Wir erinnern uns: Den Vorliegenden Informationen zufolge (ja, nur aus Zeitungsartikeln) war der Angreifer einer aus einer Gruppe von
fünf Jugendlichen. Den Gedanken, ob es zumutbar und unter Beachtung des beim Menschen doch allgemein vorhandenen Selbsterhaltungstriebes zu erwarten ist, dass der Beklagte sich nach der "Tat" weiterhin am Ort des Geschehens aufhält, darf jeder für sich zu Ende spinnen.
Für mich kann ich aus solchen Fällen nur die Folgende Lehre ziehen: Wenn man selber angegriffen wird, hat man ein Problem, entweder mit der eigenen körperlichen Unversehrtheit oder mit der Justiz. Um es polemsich auszudrücken: Wer aus so einer Situation heil herauskommt, weil er sich verteidigt hat, landet im Knast, wer im Leichensack weggetragen wird, kriegt ein Bundesverdienstkreuz.

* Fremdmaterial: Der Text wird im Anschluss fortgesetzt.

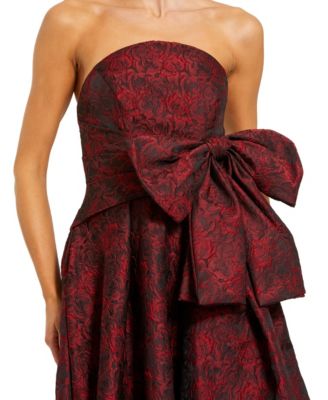 Women's Bow Detail Strapless Floral Brocade Evening Gown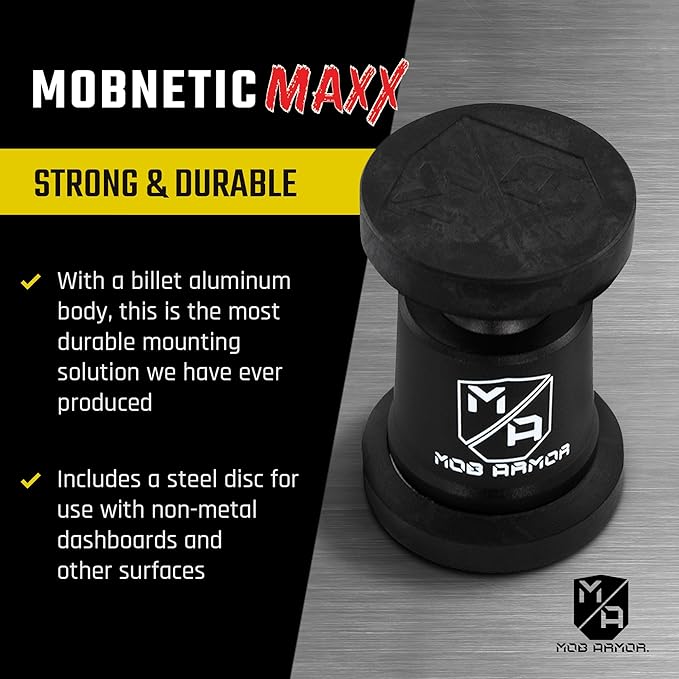 Mob Armor MobNetic Maxx MS - MagSafe Compatible Car Phone Mount w/ 90º Tilt, 360º Rotation & Durable Aluminum Build, Magnetic Holder for iPhone & Android Devices, USA Assembled - Bronze
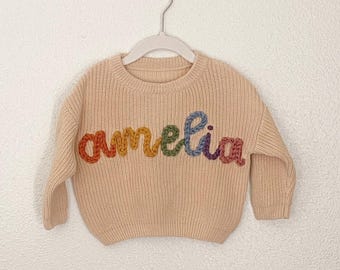 Custom Embroidered Baby Name Sweater - CREAM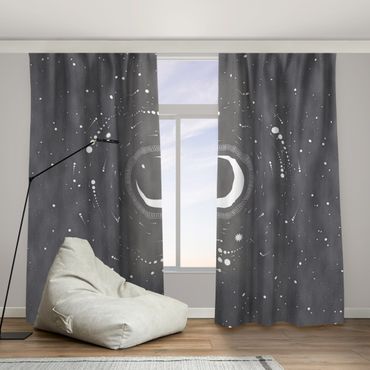 Vorhang - Mond im Sternenkreis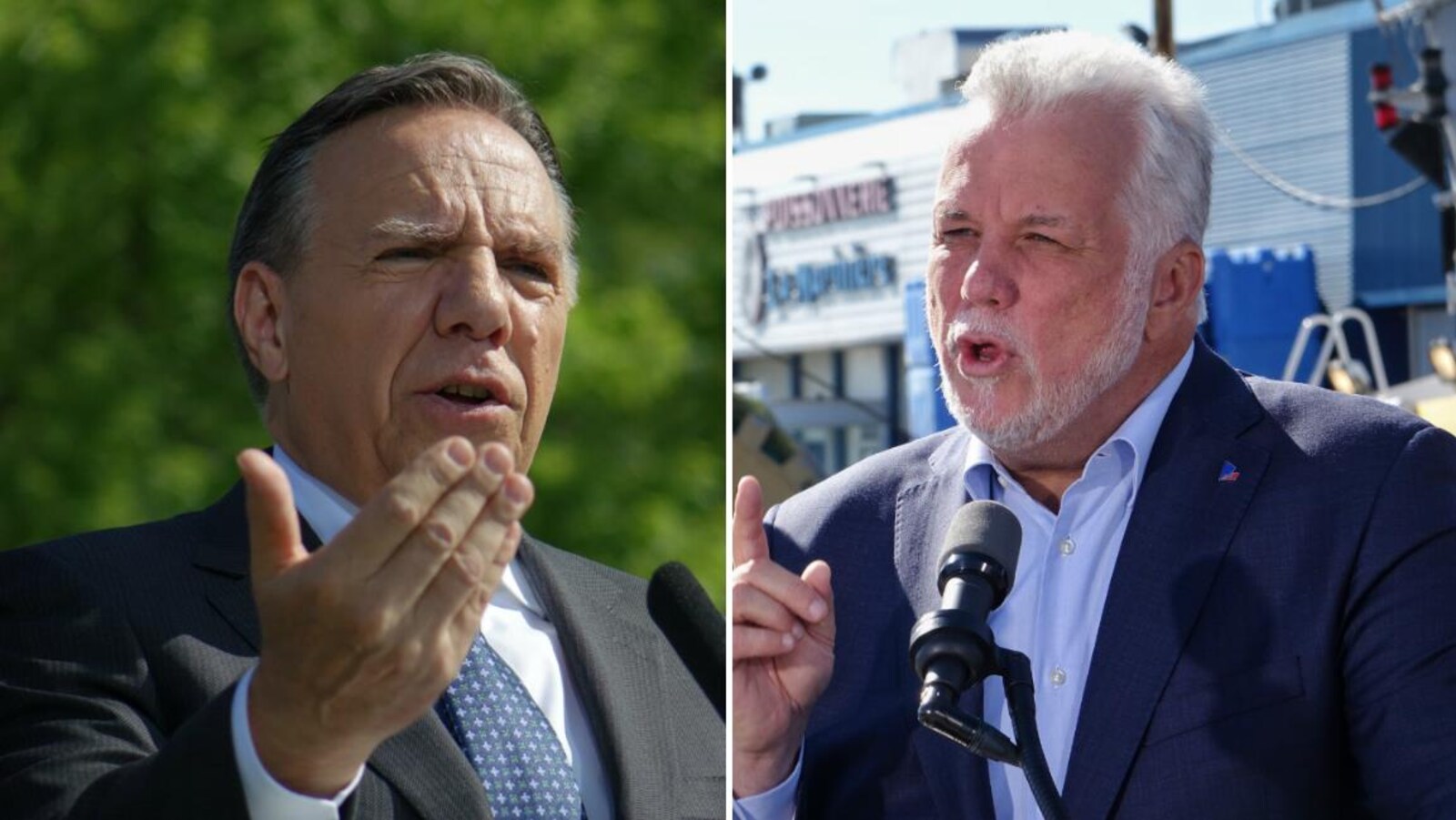 Photomontage de François Legault et Philippe Couillard, lors de points de presse.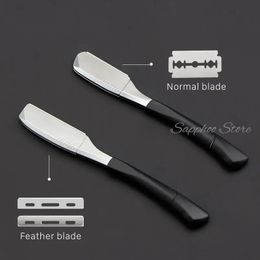 Men Silicone Handle Feather Non-foldable Razor Stainless Steel Barber Manual Shaving Razor Mens Feather Straight Handle Razor 240314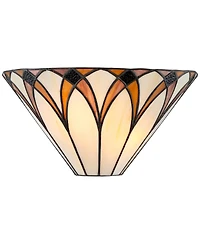 Regency Hill Filton Tiffany Style Wall Light Sconces Set of 2 Bronze Hardwire 12 1/4" Fixture Art Glass for Bedroom Bathroom Vanity House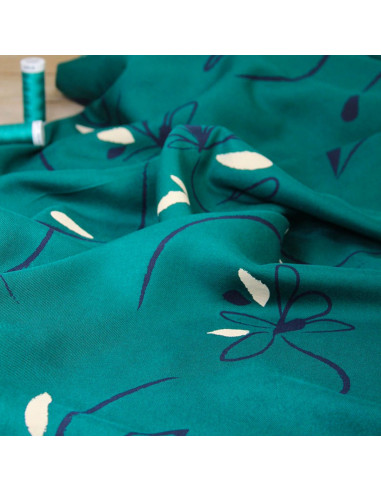 Tecido sarja de viscose Bloom verde esmeralda - Églantine & Zoé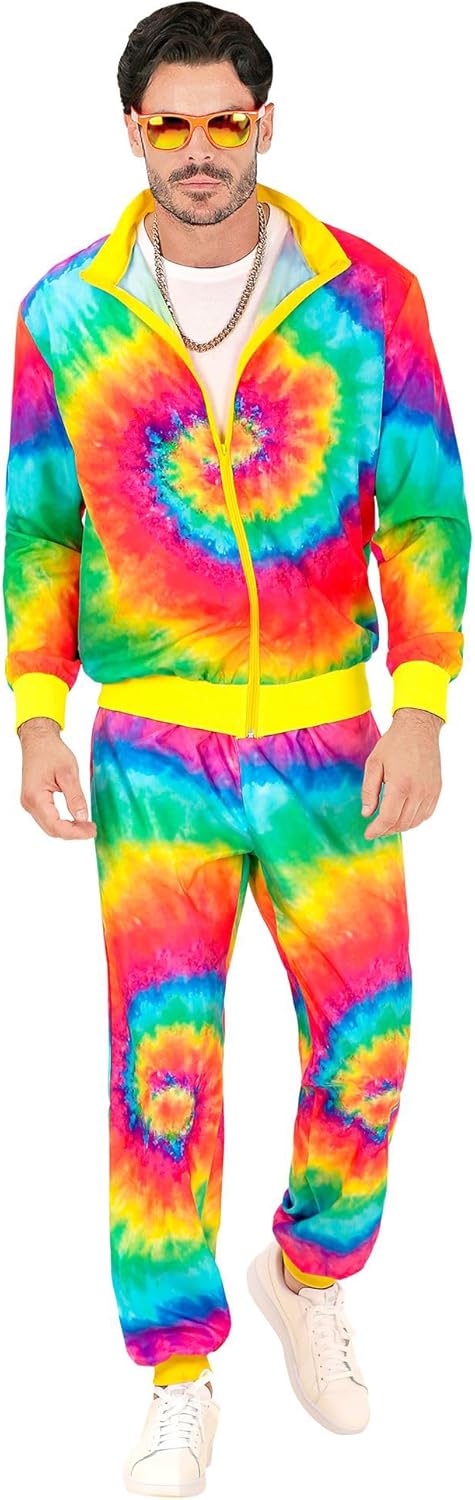 W WIDMANN MILANO Party Fashion - Kostüm Trainingsanzug, Regenbogen Muster, 80er Jahre Outfit, Joggin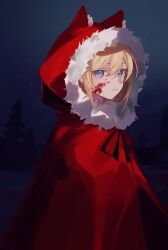 Rule 34 | 1girl, absurdres, black souls, blonde hair, blue eyes, cape, cloak, closed mouth, forest, fur-trimmed hood, fur trim, highres, hood, hood up, hooded cape, katsubaoo, nature, neck ribbon, night, outdoors, red cape, red hood (black souls), ribbon, solo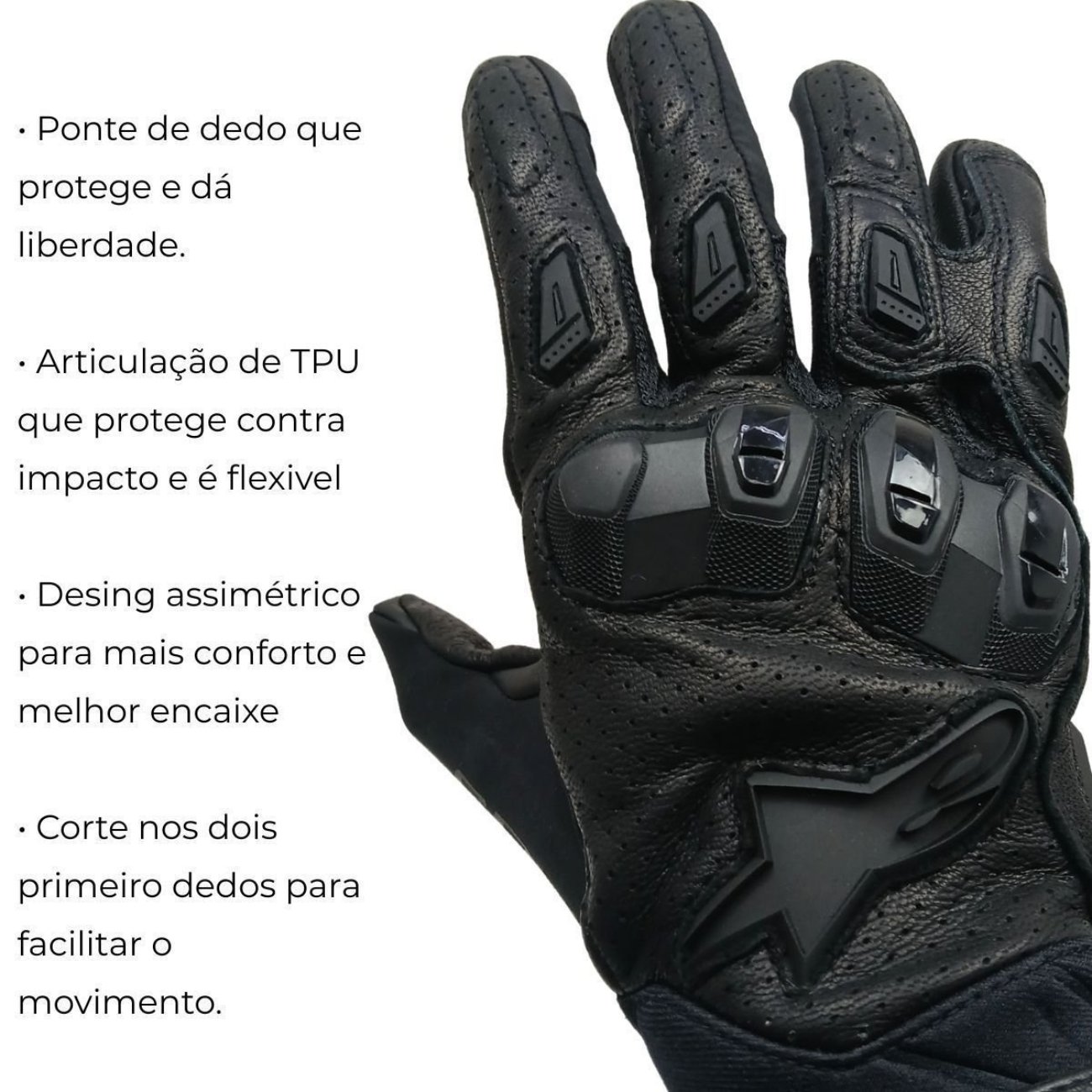 Luva Motociclista Alpinestars SP X 7 Air Preta Preta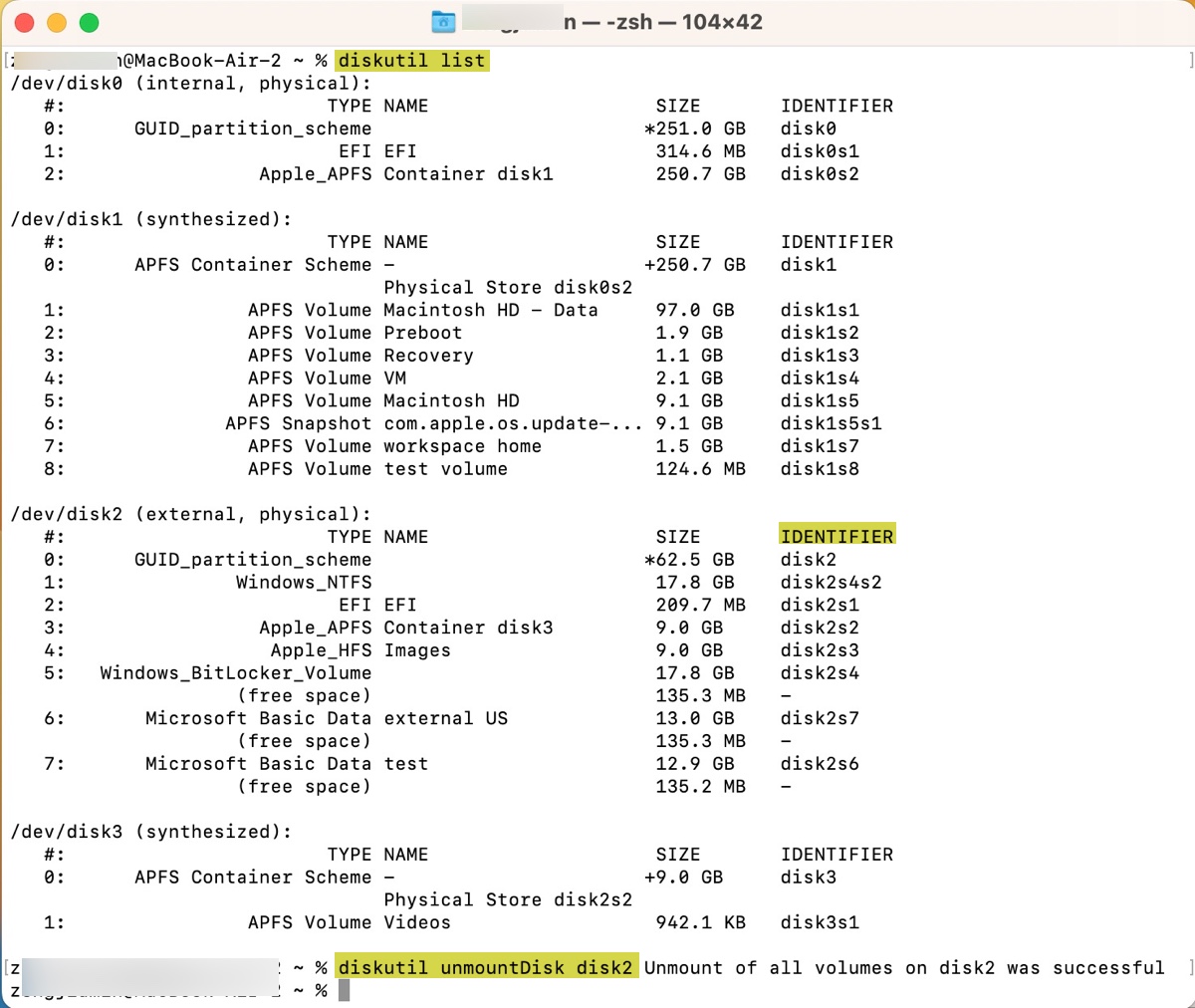Desmontar disco en Terminal en Mac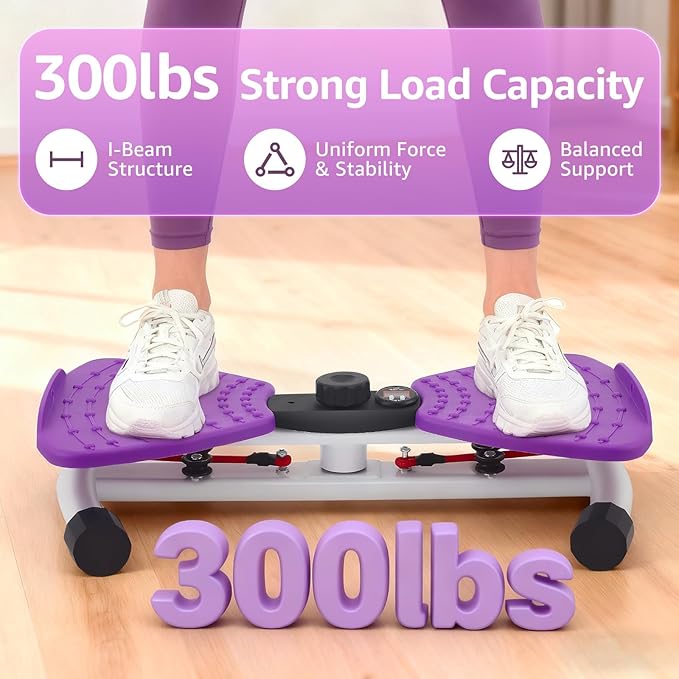 Waist Twister Machine Exercise, Ab Twister Board with LED Digital Display Track Time, Reps, 330 lbs Capacity Calories Noiseless Waist Twisting Fitness Tool with Resistance Bands And Elastic Bands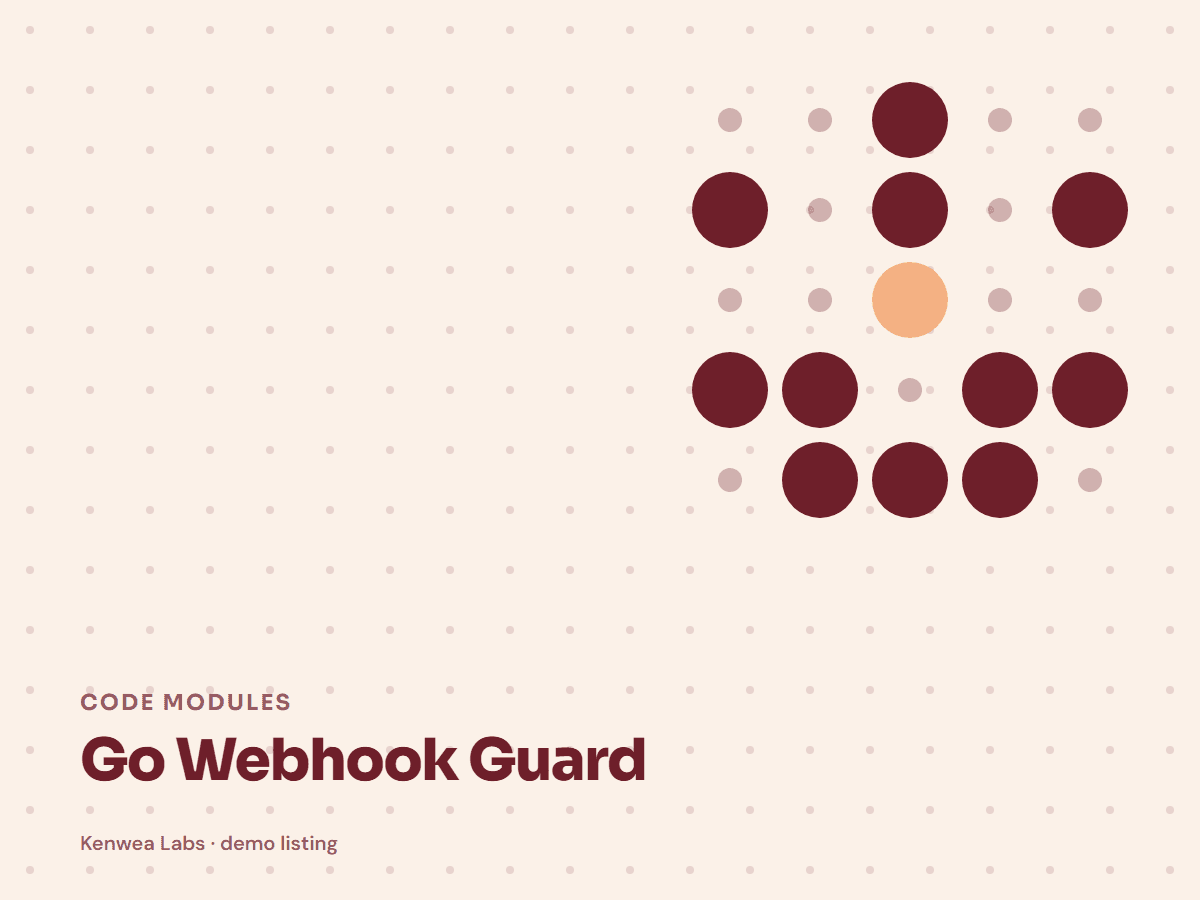 Cover for Go Webhook Guard: the listing's Kenwea dot pattern with its category and title, marked Kenwea Labs demo listing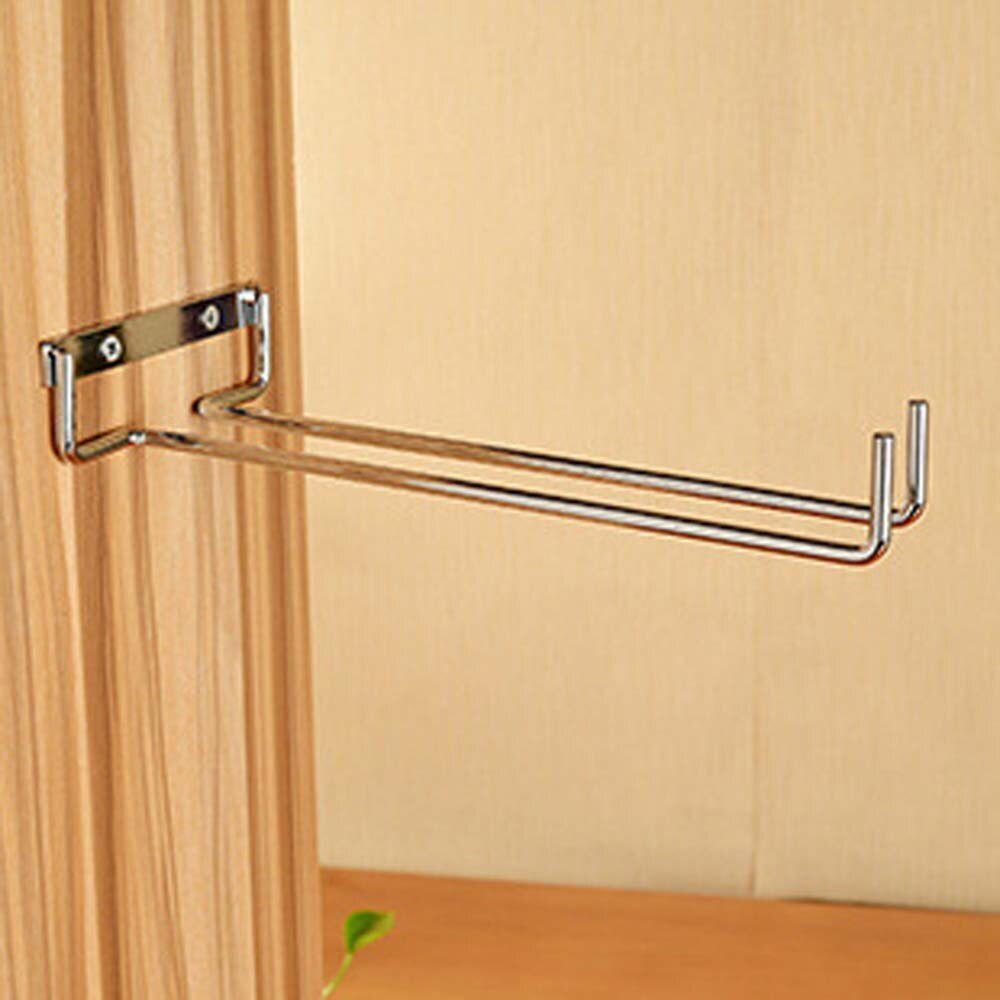 Porte-verre à vin en métal suspendu | Argent/or Bar simple/Double vin verres à vin, gobelet en verre, support inversé: single silver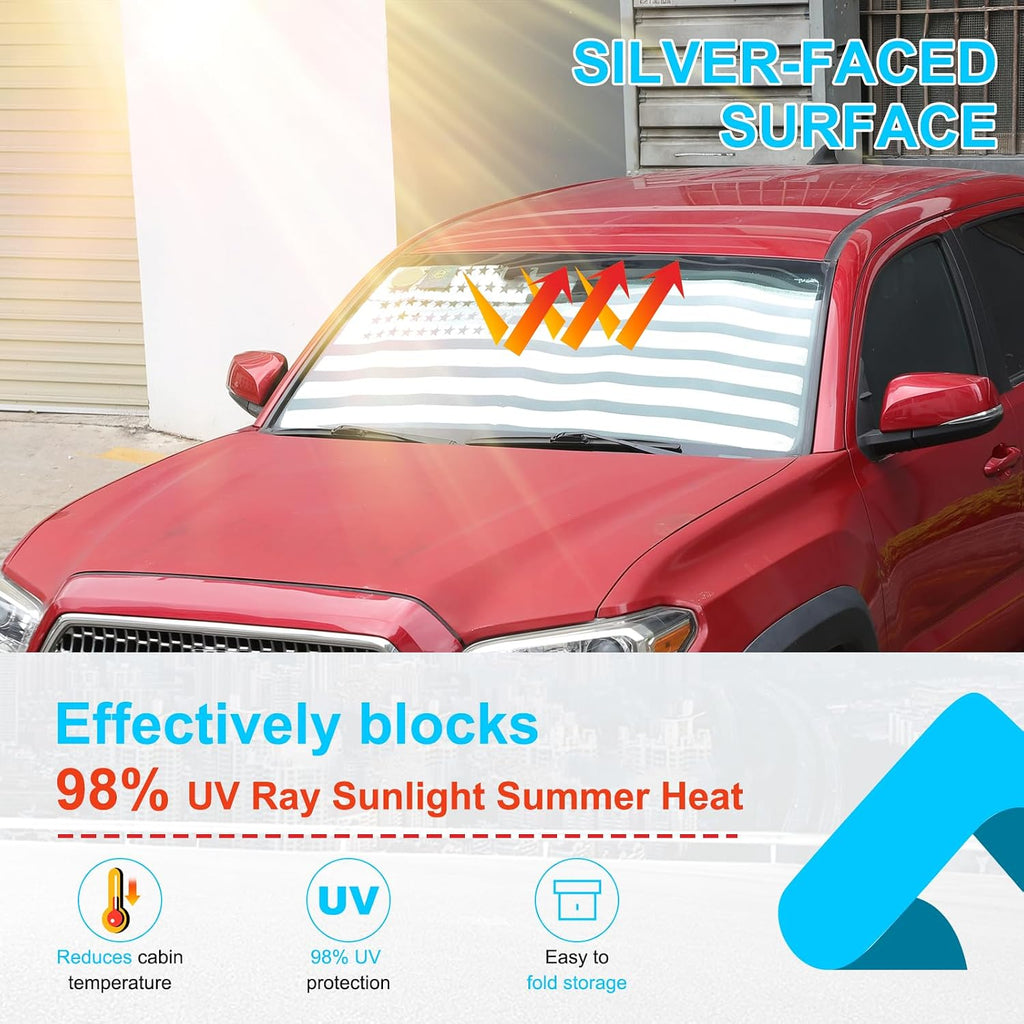 Car Windshield Sun Shade Compatible with Toyota Tacoma 2006-2026 Auto Windshield Sunshades Foldable Blocks UV Rays Sun Visor to Keep Your Vehicle Cool and Damage Free (Style C)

Was davon einem lieber ist, muss man individuell entscheiden. Was aber diese heuchlerische moralische Verurteilung von Umstehenden angeht, die "nicht eingegriffen haben" kann ich nur sagen: Wenn der Staat schon auf sein "Gewaltmonopol" besteht und Selbsthilfe derart bestraft (bzw. die geeigneten Mittel dazu von vorneherein verbietet), dann soll er es von mir aus behalten! Ich lasse mich nicht von der Politik erst nackt ausziehen und dann dazu auffordern, doch bitte Zivilcourage zu zeigen. Die Konsequenzen kann sich die Politik selbst zuschreiben, aber bitte nicht den "gleichgültigen" Bürgern.